On June 19, JJ turned 11-years-old. Three days later he got a headache that he didn't know he wouldn't be able to shake.



By June 26, he was talking gibberish and Kimberly Wise took her son to the ER.



"They told me he had meningitis and again they said viral. There was nothing they could do, not antibiotics or nothing like that. So we just came home and gave him fluids and fought the headache," Wise said.



You could call it a mother's intuition that kept Wise searching for answers from doctors.



"He had also had what I call an episode. He just went maniac," JJ's mother said. "He was just screaming and crying and that's not like him. He's really a quiet kid."



It was first Spruce Pine Community Hospital and then Mission for spinal taps, MRI scans, and CT scans where JJ learned his diagnosis.



"To the best that they can figure out is that the mosquito bit him and gave him La Crosse virus," Wise said.

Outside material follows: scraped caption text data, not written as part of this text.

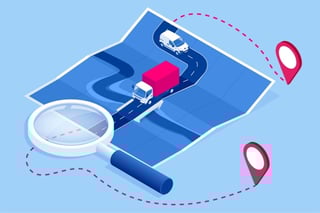 PakEnergy Transportation offers real-time visibility from any device and streamlined workflows for drivers and dispatchers.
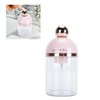 Electric Facial Cleanser Foam Cup Waterproof Rechargeable Portable Bubble Maker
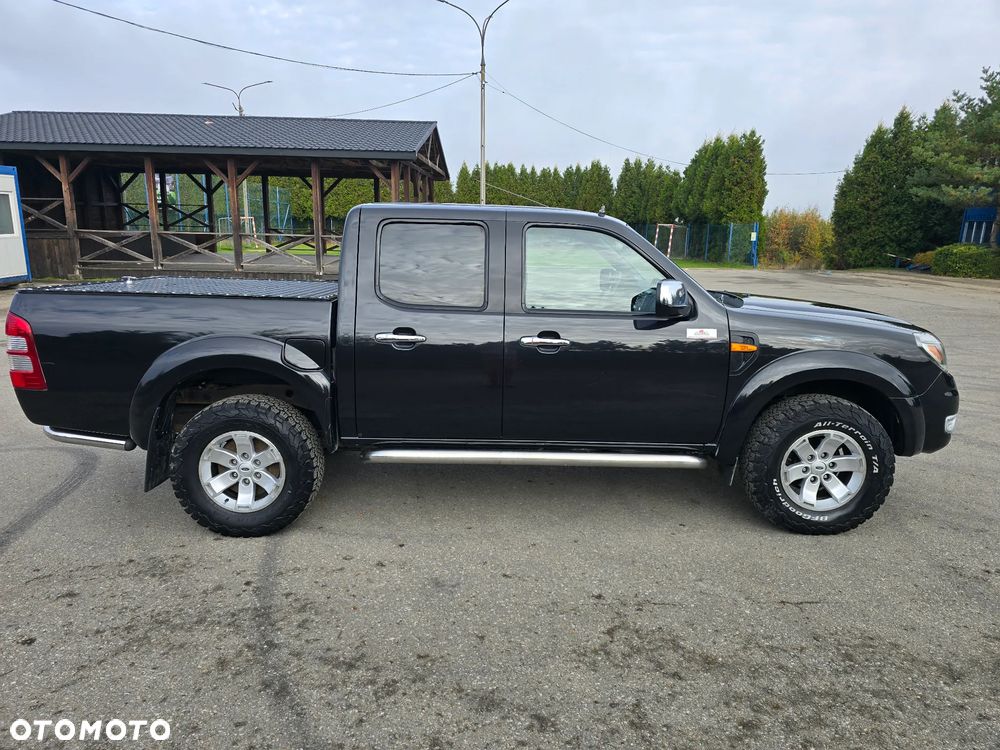 Ford Ranger - 8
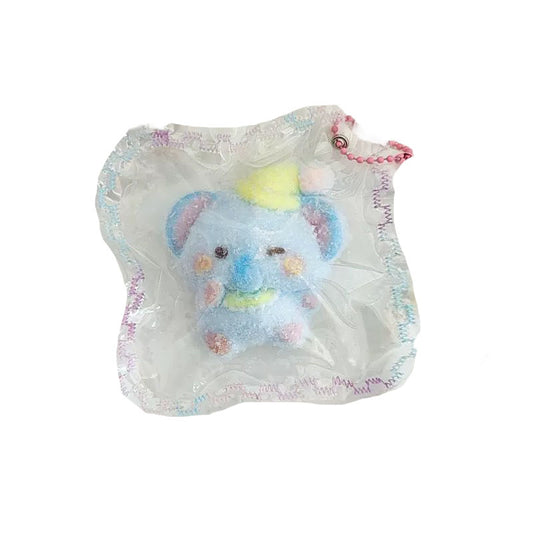 code-117-Cute Animal Texture Squishy Stress Relief Toy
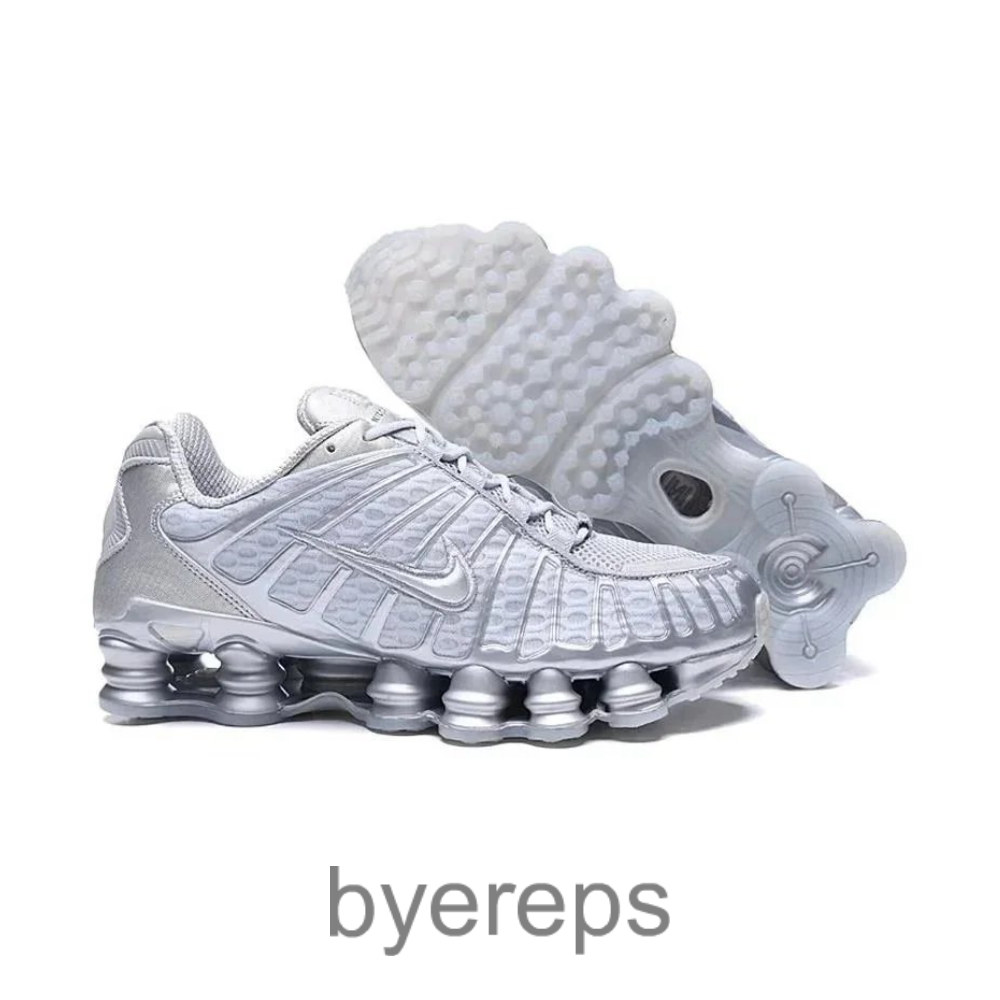 Nike Shox TL ( 11+ colors ) — photo 3 of 4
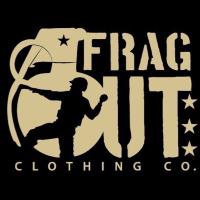 Frag Out Clothing co(@fragoutcc) 's Twitter Profile Photo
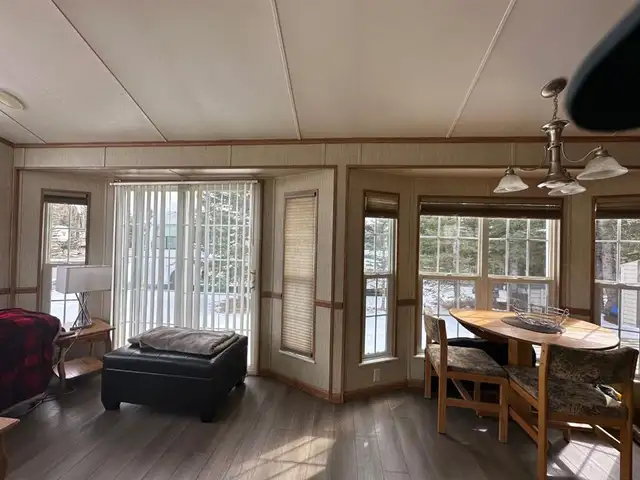 48 Coyote Creek, Park Model, Year Round Living - Photo 16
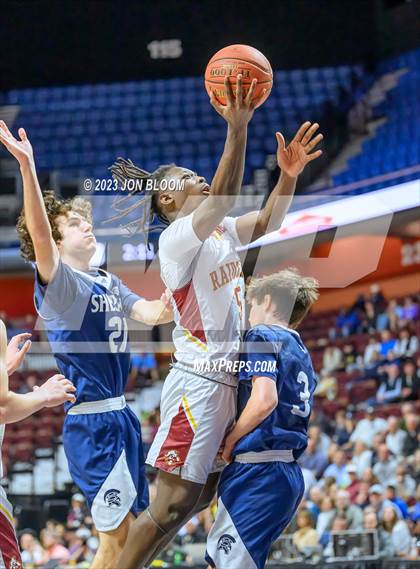 Thumbnail 1 in Windsor Locks vs. Shepaug Valley (CIAC Div V Final) photogallery.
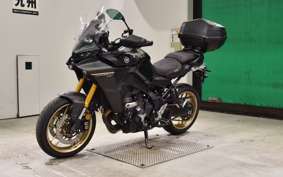 YAMAHA TRACER 9 GT 2023 RN70J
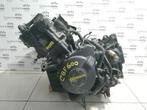 Honda CBF 600 PC38E motor, Motoren, Gebruikt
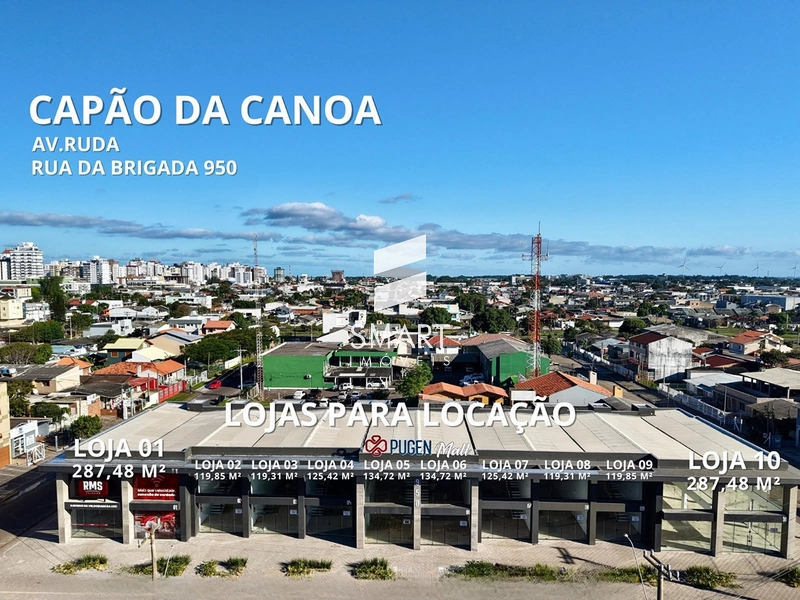 Sala ComercialSala Comercial Ampla na Avenida Rudá: O Espaço Ideal para Impulsionar o Seu Negócio: 3ª foto da galeria de imagens do imóvel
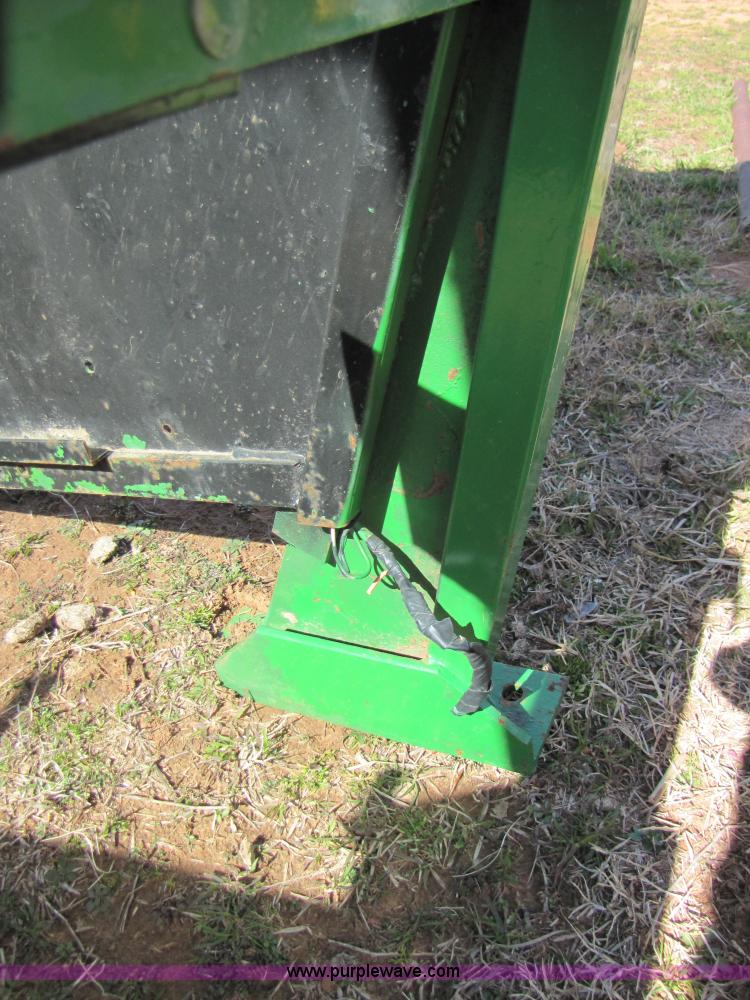 image for item C9629 Tractor cab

He suffered a stroke and then was put in an induced coma to stop brain swelling.



"I didn't know what to do. I thought we were losing him. I thought he was done," JJ's mother said. "It was the hardest thing that I've ever been through."



JJ was then taken to Levine Children's Hospital in Charlotte, where he's been since Friday on his road to recovery.



"I would see the bag of IVs, the pressure monitor in his head, I mean everything and I'm like, 'A mosquito, that's all this was. it was all because of a mosquito,'" Wise said.



Wise has started getting the word out not about Zika but La Crosse virus because it's actually in the Appalachian mountains.



"Out of the 80 to 100 cases, according to one of the doctors that JJ saw, 15 to 20 of them come to Mission Hospital. And nobody knows about this. I mean I was blown away by that statistic," Wise said.



Support on JJ's Facebook page and GoFundMe account is what they're holding onto while he relearns how to walk, talk, and just be a kid again.



"He's just not the JJ that we used to have, but we're hoping to get him back," JJ's mother said. "We're going to do everything we can to get him back to that little boy."



JJ hopes to be out of the hospital in about two weeks. Then he'll have years of outpatient therapy.



Marking on your calendar when your kid gets a mosquito bite and always using a repellent, like DEET, are two tips JJ's mother shared.